The Financial Industry Regulatory Authority slapped Barclays Capital with a $3.75 million fine last month for systemic failures to preserve electronic records for more than a decade.

Federal securities laws and FINRA rules require that business-related electronic records be kept in non-rewritable, non-erasable format—also referred to as “write-once, read-many" (WORM) format—to prevent alteration. The requirements are aimed at protecting investors and help maintain anti-fraud provisions and financial responsibility standards.

“Ensuring the integrity, accuracy and accessibility of electronic books and records is essential to a firm's ability to meet its compliance obligations,” said FINRA Executive Vice President and Chief of Enforcement Brad Bennett. “The format errors in this case made it nearly impossible for Barclays to verify that these key materials remained in an unaltered condition.”

According to FINRA, Barclays failed to preserve many of its required electronic books and records—including order and trade ticket data, trade confirmations, blotters, account records and other similar records—in WORM format from at least 2002 to 2012. “The issues were widespread and included all of the firm's business areas,” FINRA stated. “Thus, Barclays was unable to determine whether all of its electronic books and records were maintained in an unaltered condition.”
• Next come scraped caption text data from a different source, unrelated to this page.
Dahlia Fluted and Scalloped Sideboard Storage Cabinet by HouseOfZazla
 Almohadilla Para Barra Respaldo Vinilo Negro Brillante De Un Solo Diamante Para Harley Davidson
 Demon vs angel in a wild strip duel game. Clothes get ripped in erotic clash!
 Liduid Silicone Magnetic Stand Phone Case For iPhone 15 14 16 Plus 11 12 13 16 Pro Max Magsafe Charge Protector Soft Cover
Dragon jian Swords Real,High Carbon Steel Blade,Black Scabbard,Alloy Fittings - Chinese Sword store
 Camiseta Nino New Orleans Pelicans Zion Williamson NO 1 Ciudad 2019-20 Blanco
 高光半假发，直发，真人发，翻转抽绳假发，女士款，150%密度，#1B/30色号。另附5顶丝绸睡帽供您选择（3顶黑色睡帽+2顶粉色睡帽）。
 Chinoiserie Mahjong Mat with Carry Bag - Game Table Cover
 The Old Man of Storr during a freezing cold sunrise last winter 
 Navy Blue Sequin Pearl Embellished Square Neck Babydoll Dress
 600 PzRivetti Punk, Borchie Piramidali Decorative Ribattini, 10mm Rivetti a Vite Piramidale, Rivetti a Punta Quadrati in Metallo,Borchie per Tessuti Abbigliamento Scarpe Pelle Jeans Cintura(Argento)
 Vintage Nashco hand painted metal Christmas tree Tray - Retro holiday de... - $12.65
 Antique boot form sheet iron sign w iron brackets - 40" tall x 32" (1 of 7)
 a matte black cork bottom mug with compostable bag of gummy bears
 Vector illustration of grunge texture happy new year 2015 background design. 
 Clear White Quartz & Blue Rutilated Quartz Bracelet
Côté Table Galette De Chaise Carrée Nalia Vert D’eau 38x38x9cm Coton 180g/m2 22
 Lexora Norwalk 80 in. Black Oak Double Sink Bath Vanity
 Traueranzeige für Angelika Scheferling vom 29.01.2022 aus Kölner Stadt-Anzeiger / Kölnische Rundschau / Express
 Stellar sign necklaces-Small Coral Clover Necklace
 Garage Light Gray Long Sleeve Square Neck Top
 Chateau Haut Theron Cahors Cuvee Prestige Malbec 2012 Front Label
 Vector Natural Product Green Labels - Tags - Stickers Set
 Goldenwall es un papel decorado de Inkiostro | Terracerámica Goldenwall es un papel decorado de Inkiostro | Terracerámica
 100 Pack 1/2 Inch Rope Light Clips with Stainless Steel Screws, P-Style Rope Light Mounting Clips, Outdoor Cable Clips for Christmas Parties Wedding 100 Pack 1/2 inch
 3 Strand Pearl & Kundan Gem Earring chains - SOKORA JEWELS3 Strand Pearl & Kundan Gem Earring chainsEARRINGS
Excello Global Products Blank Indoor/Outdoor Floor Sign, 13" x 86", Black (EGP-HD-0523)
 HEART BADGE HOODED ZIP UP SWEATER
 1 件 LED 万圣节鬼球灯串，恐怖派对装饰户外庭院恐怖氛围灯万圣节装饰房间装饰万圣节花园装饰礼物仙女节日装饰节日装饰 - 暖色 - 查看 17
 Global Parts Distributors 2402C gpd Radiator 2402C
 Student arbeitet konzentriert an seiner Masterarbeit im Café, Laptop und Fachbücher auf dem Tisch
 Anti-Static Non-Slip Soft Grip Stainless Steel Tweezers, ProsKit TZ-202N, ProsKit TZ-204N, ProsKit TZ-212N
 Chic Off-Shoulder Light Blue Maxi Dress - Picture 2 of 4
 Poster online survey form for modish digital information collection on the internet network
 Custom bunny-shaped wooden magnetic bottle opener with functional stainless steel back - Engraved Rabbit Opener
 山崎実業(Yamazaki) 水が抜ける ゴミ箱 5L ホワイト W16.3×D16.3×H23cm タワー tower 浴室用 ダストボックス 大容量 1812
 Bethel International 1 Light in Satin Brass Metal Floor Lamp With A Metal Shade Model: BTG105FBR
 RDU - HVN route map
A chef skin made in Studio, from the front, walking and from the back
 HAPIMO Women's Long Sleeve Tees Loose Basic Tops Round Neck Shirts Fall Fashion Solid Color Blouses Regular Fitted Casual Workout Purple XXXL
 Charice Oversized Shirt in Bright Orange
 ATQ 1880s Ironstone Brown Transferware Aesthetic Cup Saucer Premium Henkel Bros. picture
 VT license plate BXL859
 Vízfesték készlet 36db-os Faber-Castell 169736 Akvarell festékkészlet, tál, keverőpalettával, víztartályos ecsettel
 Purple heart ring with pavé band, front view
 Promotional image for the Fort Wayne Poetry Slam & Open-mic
FINRA also found that Barclays failed to properly retain certain attachments to Bloomberg e-mails from May 2007 to May 2010, and additionally failed to properly retain approximately 3.3 million Bloomberg instant messages from October 2008 to May 2010. In addition to violating federal securities laws and FINRA rules, such failures “adversely impacted Barclay's ability to respond to requests for electronic communications in regulatory and civil matters,” FINRA stated.

Barclays further failed to establish and maintain an adequate system and written procedures that were “reasonably designed to achieve compliance” with not only FINRA, but also the Securities and Exchange Commission and the National Association of Securities Dealers, “as well as to timely detect and remedy deficiencies related to those requirements.”

In reaching a settlement, Barclays neither admitted nor denied the charges.